◆ WHAT TO WORK ON
Transcribe the stretch of entries below from the line with "luxury wedding catering, table" through the line with "Image showing team", exactly and with both ends included; leave out all other lines.

◆ PROVIDED DATA
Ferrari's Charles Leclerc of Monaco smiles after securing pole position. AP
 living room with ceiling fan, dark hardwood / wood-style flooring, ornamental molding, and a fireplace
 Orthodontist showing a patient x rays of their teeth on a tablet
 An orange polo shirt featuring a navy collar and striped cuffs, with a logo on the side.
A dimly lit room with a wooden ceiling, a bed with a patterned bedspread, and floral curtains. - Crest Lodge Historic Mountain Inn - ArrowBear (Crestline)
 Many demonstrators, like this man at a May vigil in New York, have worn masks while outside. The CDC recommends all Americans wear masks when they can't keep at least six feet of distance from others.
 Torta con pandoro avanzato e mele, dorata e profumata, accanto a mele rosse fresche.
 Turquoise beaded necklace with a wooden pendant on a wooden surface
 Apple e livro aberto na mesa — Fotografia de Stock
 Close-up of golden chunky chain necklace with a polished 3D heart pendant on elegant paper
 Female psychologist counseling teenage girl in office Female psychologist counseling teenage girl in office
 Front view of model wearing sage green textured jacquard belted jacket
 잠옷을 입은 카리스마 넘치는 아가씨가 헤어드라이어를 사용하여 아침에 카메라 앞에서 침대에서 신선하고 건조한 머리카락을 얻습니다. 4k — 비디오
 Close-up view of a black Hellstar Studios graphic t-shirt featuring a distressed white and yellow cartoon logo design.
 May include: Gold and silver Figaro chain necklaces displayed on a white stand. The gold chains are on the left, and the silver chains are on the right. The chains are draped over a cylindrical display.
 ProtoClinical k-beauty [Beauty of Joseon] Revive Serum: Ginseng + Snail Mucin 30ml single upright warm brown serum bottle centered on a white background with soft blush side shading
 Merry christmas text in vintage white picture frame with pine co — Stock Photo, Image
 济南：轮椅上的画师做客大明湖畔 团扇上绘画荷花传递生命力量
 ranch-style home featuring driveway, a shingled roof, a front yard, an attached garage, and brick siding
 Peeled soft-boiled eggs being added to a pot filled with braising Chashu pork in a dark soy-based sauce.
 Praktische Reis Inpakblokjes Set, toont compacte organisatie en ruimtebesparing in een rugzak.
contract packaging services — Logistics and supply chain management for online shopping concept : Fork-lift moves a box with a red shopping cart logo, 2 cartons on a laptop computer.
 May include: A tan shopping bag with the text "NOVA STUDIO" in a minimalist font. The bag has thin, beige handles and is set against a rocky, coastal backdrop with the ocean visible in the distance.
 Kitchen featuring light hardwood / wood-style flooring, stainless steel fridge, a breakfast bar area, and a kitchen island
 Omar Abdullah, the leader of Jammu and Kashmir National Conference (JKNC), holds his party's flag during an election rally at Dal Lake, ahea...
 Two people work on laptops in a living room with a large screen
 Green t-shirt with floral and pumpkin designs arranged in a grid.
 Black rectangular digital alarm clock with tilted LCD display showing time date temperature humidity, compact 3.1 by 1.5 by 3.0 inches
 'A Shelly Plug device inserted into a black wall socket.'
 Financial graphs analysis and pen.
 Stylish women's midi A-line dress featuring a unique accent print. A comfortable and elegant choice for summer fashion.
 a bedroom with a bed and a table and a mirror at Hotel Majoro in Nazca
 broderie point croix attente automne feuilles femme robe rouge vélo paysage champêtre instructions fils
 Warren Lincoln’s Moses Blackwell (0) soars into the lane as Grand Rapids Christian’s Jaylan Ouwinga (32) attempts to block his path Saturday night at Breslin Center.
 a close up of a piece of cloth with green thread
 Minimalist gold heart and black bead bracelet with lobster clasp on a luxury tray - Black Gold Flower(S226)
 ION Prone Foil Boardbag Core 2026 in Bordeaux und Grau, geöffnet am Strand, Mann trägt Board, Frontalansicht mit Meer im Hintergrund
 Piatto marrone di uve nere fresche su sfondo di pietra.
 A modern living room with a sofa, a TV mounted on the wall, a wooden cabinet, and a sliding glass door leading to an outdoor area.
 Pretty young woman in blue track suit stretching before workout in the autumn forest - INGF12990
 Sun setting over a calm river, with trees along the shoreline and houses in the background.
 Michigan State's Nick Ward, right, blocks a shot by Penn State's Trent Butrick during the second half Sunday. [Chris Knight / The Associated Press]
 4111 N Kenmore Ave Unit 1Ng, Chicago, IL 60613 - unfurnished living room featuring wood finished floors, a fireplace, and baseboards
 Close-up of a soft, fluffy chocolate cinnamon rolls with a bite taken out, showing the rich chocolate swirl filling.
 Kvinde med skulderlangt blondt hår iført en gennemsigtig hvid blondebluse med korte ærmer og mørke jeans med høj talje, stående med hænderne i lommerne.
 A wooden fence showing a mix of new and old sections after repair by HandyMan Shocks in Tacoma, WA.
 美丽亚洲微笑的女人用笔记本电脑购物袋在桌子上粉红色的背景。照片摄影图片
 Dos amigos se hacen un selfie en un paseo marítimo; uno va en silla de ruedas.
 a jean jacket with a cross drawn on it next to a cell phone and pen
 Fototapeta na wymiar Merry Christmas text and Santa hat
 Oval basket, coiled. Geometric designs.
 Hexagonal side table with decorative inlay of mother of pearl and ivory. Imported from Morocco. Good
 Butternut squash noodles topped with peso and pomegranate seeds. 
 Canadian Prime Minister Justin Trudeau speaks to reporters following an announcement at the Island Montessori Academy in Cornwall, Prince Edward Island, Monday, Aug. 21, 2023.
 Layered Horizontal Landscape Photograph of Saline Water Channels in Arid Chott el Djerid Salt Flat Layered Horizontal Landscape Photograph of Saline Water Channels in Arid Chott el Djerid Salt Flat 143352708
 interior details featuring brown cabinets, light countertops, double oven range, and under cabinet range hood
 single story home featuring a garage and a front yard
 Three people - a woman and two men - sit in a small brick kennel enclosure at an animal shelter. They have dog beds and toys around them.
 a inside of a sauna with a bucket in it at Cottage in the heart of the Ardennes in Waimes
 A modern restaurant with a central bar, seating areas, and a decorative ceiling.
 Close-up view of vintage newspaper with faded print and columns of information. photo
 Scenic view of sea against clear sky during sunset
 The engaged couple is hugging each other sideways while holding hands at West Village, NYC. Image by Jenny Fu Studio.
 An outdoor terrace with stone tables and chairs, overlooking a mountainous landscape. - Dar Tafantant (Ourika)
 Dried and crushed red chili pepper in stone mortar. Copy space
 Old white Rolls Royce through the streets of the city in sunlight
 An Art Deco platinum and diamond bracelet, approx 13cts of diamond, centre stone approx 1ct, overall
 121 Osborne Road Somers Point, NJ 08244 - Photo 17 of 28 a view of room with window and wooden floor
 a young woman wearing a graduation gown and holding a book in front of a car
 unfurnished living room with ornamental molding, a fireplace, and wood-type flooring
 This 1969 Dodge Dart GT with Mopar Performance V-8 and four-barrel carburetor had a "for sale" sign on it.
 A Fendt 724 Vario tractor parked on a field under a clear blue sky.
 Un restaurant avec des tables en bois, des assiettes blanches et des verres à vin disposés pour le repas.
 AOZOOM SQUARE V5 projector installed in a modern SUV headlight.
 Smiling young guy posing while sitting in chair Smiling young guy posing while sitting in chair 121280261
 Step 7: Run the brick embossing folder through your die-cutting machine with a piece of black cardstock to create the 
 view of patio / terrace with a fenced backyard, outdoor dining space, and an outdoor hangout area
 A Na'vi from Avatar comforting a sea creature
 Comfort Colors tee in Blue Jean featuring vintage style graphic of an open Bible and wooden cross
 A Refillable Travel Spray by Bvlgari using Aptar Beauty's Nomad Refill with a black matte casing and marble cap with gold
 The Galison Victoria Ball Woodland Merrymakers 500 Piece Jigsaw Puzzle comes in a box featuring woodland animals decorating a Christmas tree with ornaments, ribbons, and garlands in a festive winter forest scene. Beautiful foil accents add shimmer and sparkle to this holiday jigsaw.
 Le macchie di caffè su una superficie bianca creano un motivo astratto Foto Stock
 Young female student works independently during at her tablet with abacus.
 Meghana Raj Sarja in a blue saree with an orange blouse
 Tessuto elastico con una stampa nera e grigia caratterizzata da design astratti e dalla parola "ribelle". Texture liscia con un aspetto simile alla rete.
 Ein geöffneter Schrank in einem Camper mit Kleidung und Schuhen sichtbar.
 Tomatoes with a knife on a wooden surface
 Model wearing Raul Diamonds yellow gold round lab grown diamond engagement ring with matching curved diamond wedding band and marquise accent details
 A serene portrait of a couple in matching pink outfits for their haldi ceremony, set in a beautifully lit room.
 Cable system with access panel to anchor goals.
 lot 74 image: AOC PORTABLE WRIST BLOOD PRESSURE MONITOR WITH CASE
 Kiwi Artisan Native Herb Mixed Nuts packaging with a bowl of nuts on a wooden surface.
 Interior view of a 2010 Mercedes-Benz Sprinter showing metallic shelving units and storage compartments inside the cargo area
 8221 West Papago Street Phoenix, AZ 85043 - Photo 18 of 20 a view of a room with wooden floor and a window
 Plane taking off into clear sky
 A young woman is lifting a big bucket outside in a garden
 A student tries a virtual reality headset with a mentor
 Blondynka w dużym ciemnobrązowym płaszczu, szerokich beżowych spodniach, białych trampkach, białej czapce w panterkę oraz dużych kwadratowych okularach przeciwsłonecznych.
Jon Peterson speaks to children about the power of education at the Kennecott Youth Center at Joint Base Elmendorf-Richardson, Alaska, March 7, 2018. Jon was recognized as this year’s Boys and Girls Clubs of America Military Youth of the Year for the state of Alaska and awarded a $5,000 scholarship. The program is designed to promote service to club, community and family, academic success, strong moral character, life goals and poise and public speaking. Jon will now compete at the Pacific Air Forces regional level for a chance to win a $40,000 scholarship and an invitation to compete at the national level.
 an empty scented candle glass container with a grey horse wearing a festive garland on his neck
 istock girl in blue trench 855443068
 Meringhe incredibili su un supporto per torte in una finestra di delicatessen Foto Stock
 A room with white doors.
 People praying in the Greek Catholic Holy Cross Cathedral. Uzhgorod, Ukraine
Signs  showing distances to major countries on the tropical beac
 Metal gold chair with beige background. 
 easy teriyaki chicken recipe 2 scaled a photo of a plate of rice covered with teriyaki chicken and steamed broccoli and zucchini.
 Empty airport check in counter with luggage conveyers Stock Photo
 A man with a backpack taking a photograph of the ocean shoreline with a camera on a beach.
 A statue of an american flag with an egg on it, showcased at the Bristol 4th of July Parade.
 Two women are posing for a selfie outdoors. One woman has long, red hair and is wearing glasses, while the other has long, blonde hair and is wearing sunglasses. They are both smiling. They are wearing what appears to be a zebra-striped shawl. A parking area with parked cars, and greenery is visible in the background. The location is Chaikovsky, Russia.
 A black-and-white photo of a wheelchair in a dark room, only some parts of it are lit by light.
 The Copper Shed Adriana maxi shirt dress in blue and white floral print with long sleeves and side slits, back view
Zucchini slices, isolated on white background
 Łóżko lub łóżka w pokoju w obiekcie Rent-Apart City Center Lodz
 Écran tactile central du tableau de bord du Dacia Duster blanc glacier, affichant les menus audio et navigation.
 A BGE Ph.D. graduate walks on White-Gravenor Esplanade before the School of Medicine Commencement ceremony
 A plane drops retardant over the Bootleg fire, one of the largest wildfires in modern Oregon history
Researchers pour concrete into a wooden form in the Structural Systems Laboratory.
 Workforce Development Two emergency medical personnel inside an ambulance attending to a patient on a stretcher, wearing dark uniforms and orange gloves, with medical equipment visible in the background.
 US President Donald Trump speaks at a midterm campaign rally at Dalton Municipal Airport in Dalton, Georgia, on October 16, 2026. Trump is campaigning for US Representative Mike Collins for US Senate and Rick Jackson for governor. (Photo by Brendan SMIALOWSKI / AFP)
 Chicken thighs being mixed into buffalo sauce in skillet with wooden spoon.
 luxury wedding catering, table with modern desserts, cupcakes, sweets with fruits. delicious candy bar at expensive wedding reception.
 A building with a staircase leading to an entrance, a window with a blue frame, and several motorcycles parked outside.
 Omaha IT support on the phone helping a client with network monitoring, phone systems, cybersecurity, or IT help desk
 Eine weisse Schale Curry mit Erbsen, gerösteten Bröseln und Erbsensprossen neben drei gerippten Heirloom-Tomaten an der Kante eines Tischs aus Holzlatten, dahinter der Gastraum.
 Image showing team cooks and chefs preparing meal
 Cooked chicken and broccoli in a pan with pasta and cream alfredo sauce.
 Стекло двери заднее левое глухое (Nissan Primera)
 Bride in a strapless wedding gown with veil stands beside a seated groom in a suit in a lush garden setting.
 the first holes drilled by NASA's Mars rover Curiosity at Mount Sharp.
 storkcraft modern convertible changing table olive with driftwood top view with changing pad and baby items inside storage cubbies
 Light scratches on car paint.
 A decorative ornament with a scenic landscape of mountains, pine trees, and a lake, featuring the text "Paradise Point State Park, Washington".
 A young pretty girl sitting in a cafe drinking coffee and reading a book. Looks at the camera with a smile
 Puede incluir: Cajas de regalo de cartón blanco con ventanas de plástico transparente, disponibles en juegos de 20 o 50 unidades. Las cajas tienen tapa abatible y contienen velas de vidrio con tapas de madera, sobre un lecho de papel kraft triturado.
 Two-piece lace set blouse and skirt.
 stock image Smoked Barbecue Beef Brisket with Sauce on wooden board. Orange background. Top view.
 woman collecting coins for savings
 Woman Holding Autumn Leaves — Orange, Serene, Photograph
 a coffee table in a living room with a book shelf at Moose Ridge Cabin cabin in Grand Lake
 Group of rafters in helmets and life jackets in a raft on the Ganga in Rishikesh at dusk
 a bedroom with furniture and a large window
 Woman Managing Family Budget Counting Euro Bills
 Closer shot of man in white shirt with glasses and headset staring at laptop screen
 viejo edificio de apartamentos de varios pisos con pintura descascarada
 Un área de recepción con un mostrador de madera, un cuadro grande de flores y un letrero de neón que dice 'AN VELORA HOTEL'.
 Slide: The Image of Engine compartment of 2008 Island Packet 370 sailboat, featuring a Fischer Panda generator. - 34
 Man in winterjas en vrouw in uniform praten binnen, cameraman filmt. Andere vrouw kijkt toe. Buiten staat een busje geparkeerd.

◆ RESPONSE AREA
 luxury wedding catering, table with modern desserts, cupcakes, sweets with fruits. delicious candy bar at expensive wedding reception.
 A building with a staircase leading to an entrance, a window with a blue frame, and several motorcycles parked outside.
 Omaha IT support on the phone helping a client with network monitoring, phone systems, cybersecurity, or IT help desk
 Eine weisse Schale Curry mit Erbsen, gerösteten Bröseln und Erbsensprossen neben drei gerippten Heirloom-Tomaten an der Kante eines Tischs aus Holzlatten, dahinter der Gastraum.
 Image showing team cooks and chefs preparing meal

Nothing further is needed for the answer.